** WHAT THE EXERCISE ASKS **
The result should be an exact copy of every record, with no pictures kept.

(Short descriptive text snippets)

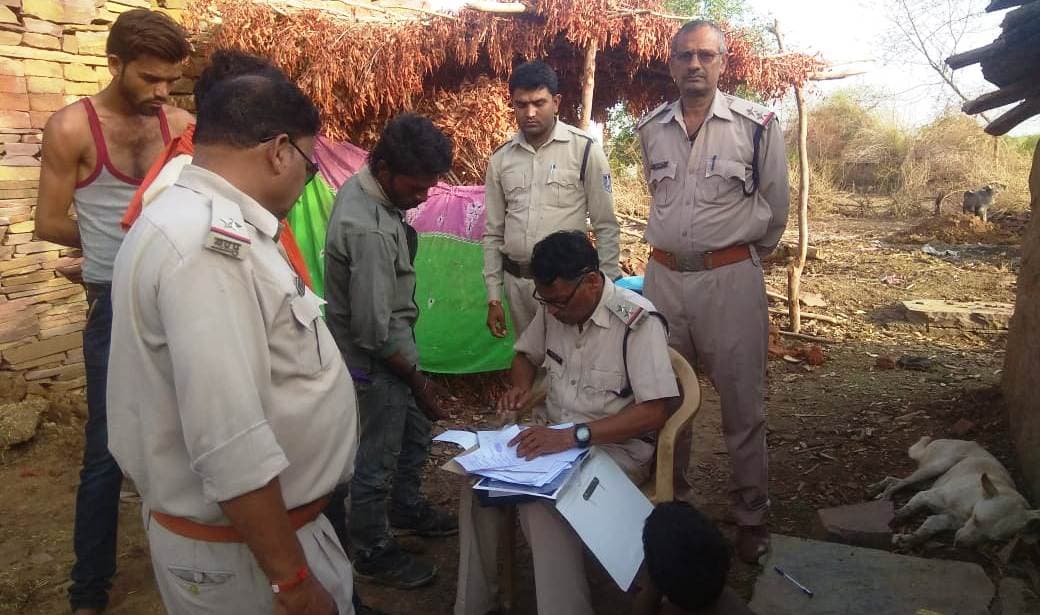 कुल्हाड़ी मारकर की चाचा ससुर ने महिला की हत्या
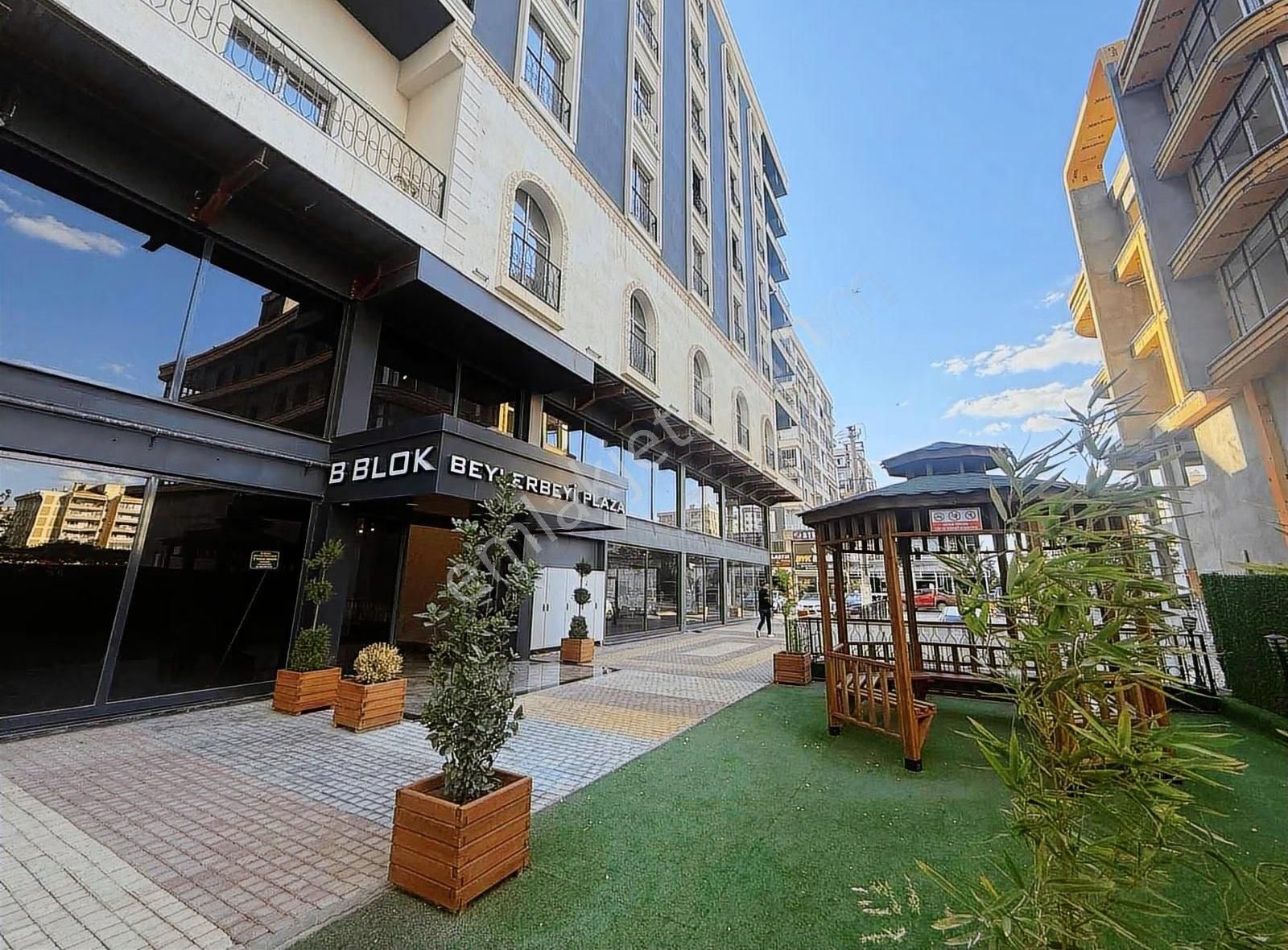 Öz Ay Emlaktan Satılık Beylerbeyi Plazda Ofis - Görsel 5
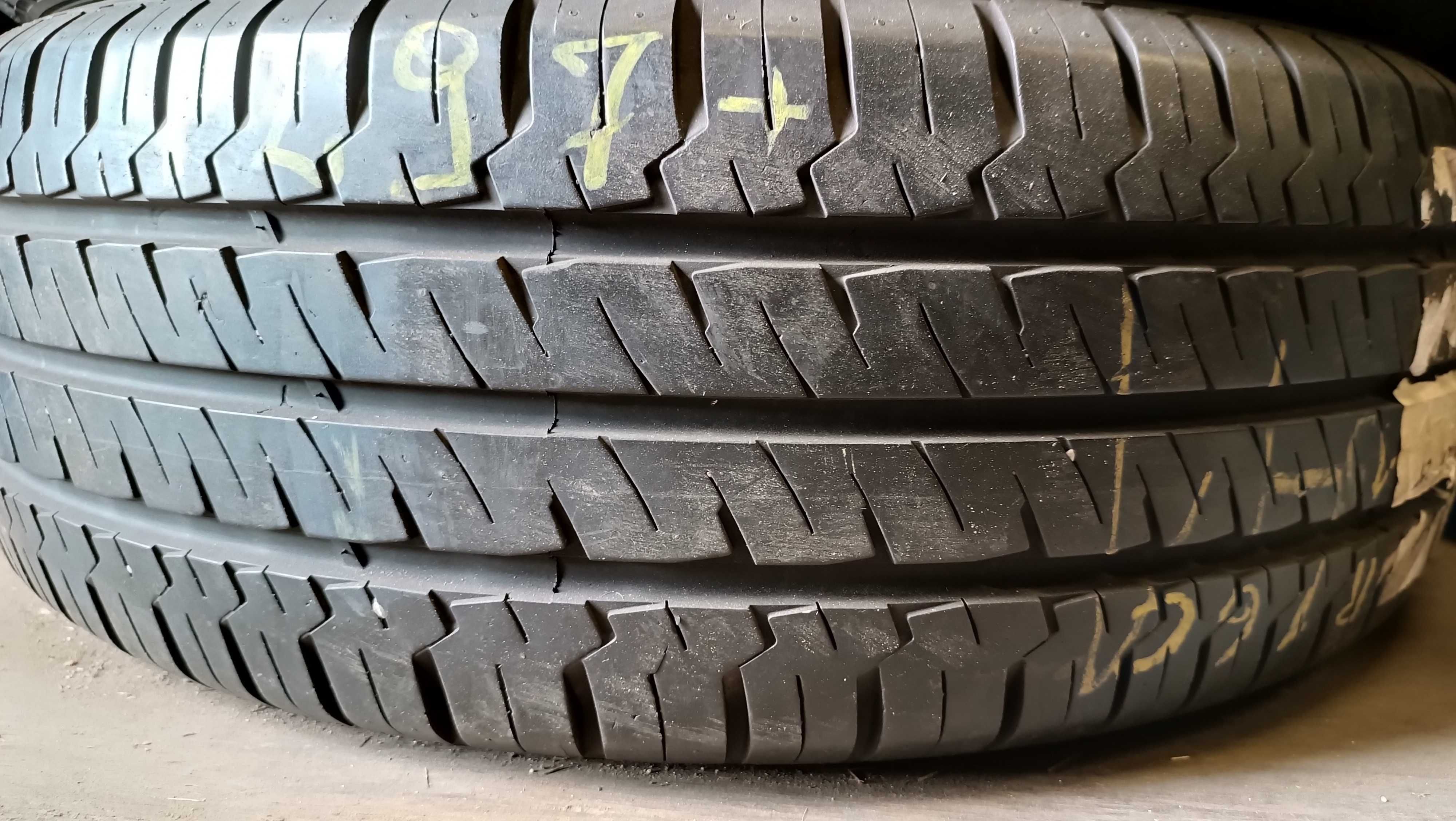 2x 235/65 R16C 115/113R Hankook Vantra LT / 1297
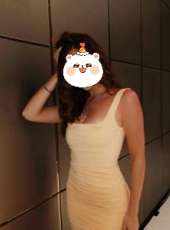 Çekici deneyimli kadın Banu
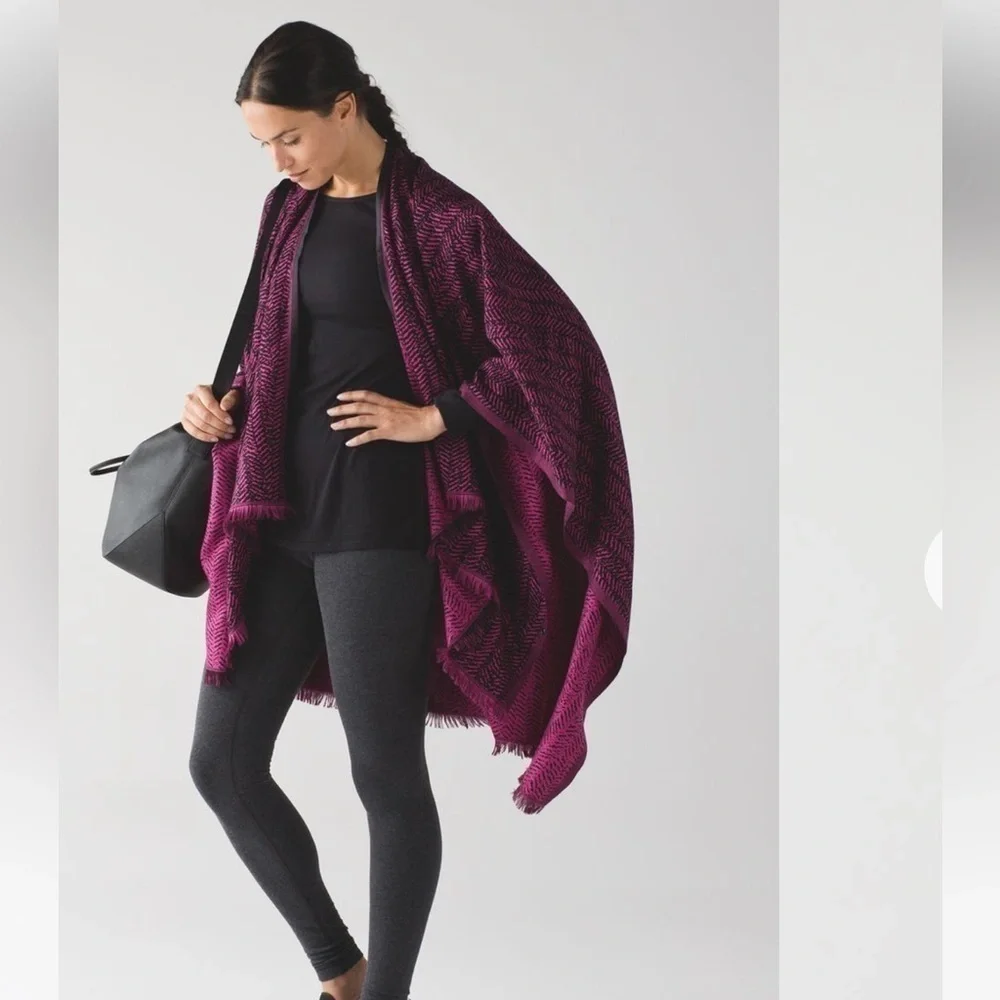 Lululemon Be Present Scarf Trax Jewelled Magenta Black
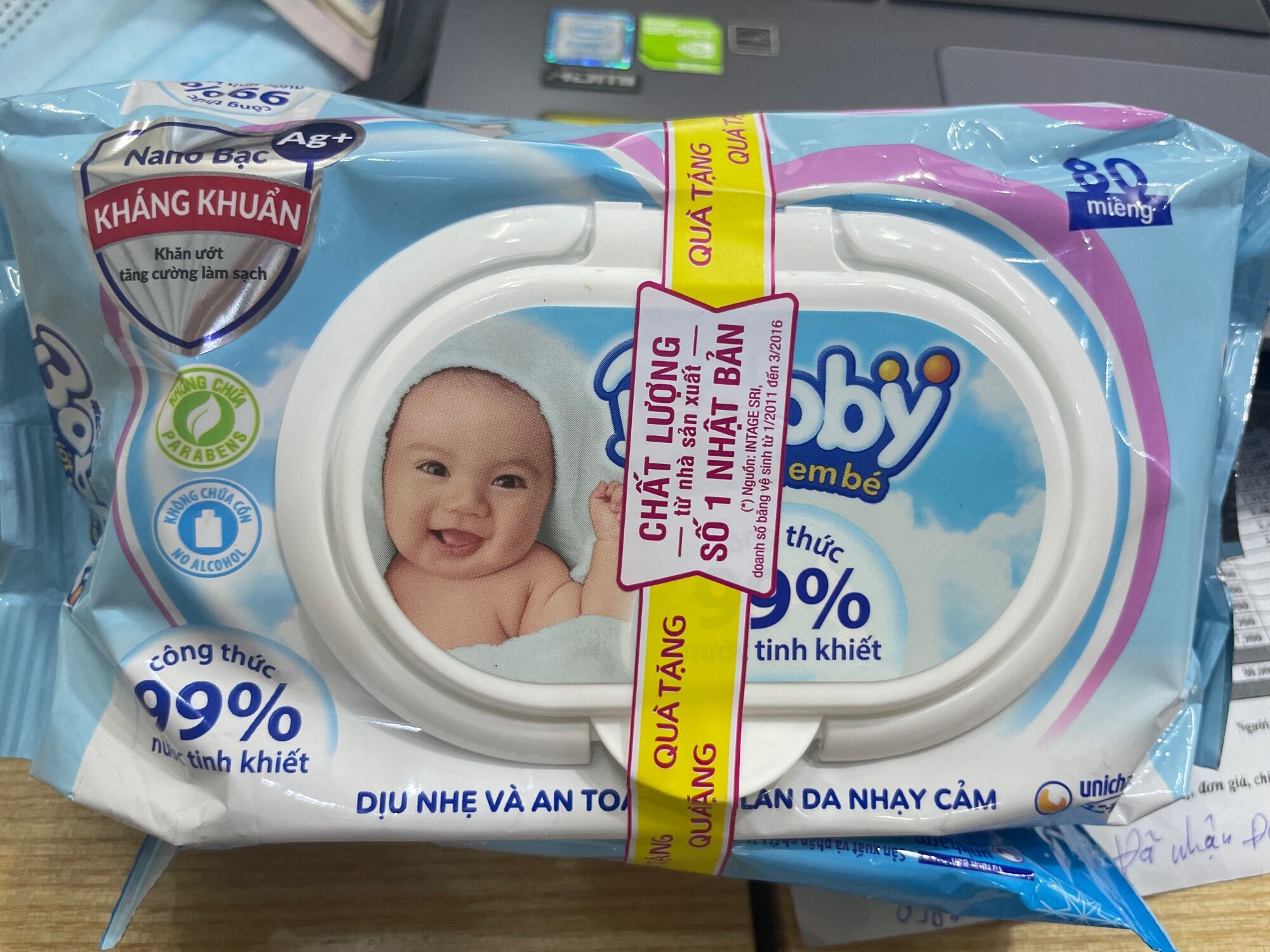Khăn giấy ướt Bobby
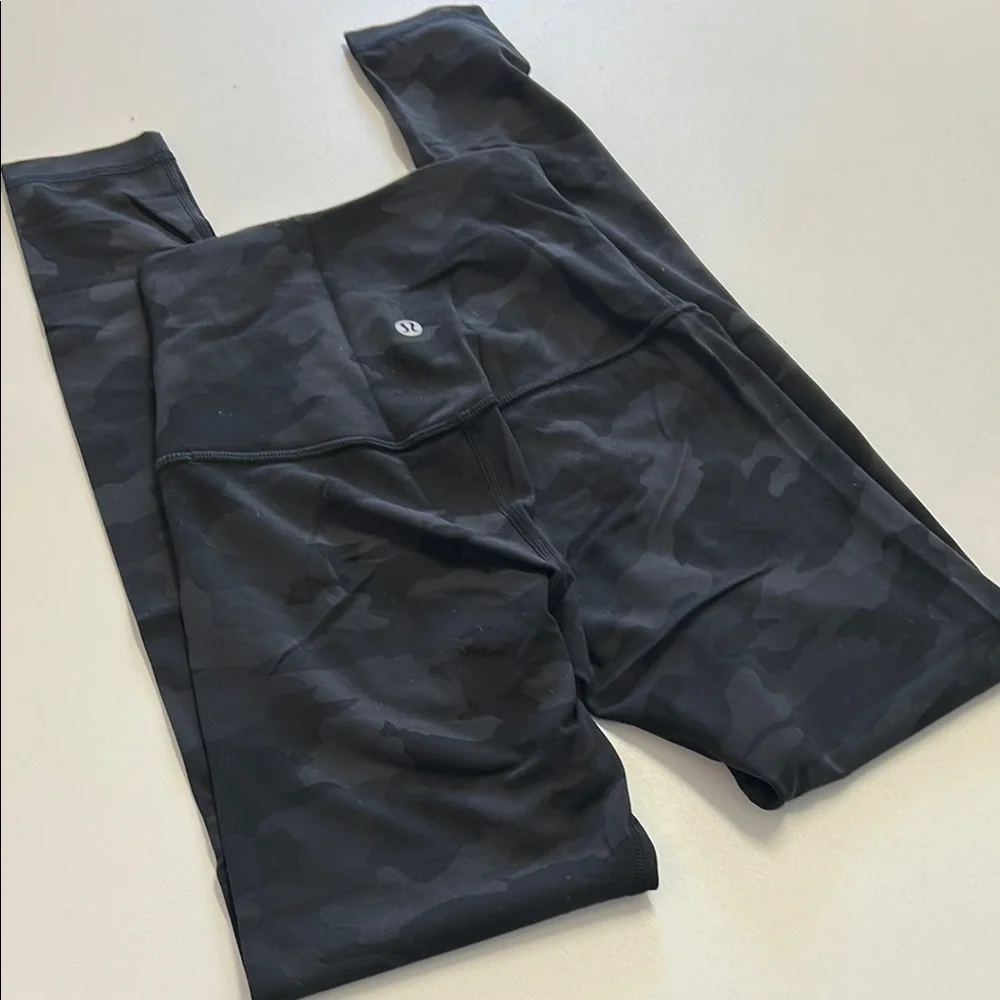 lululemon align Leggings - Picture 2 of 3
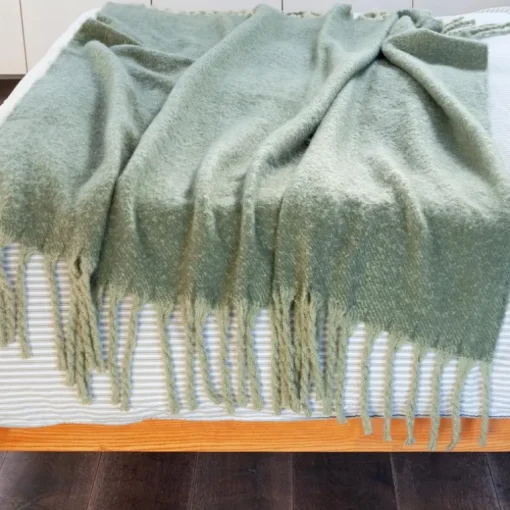 Ultra soft woven blanket (127 x 152cm) - Dark green
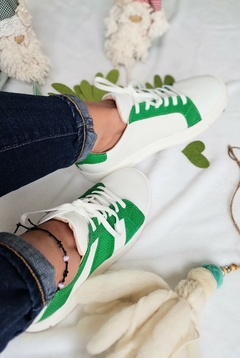 TATI VERDE Y BLANCO - Yamanas calzado de diseño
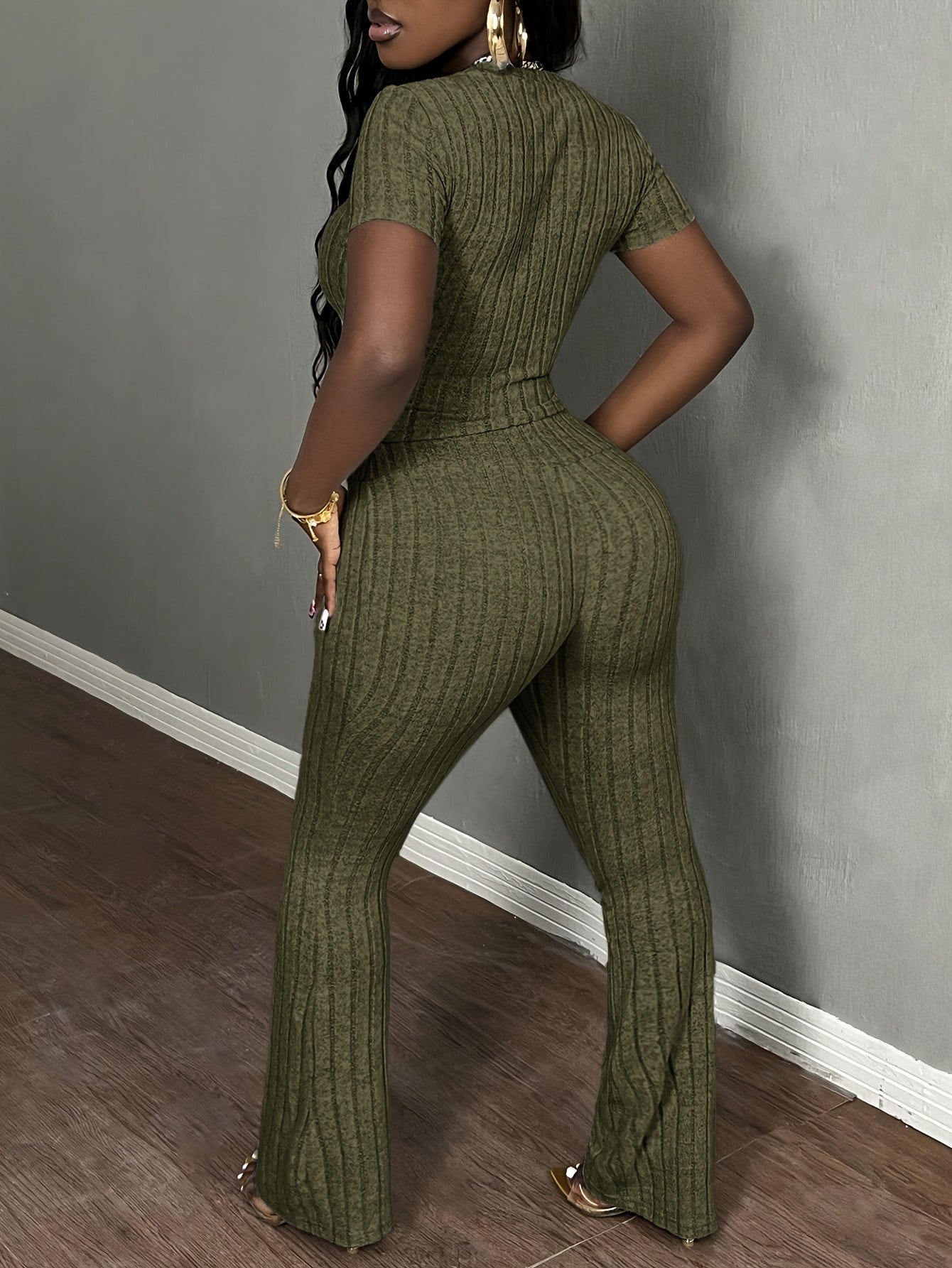 Conjunto feminino casual de camiseta de manga curta e gola redonda , calça comprida ajustada.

** TASK SOLUTION **
 कुल्हाड़ी मारकर की चाचा ससुर ने महिला की हत्या
 Öz Ay Emlaktan Satılık Beylerbeyi Plazda Ofis - Görsel 5
 2x 235/65 R16C 115/113R Hankook Vantra LT / 1297
 Çekici deneyimli kadın Banu
 Lululemon Be Present Scarf Trax Jewelled Magenta Black
Khăn giấy ướt Bobby
 lululemon align Leggings - Picture 2 of 3
 Ultra soft woven blanket (127 x 152cm) - Dark green
 TATI VERDE Y BLANCO - Yamanas calzado de diseño
 Conjunto feminino casual de camiseta de manga curta e gola redonda , calça comprida ajustada.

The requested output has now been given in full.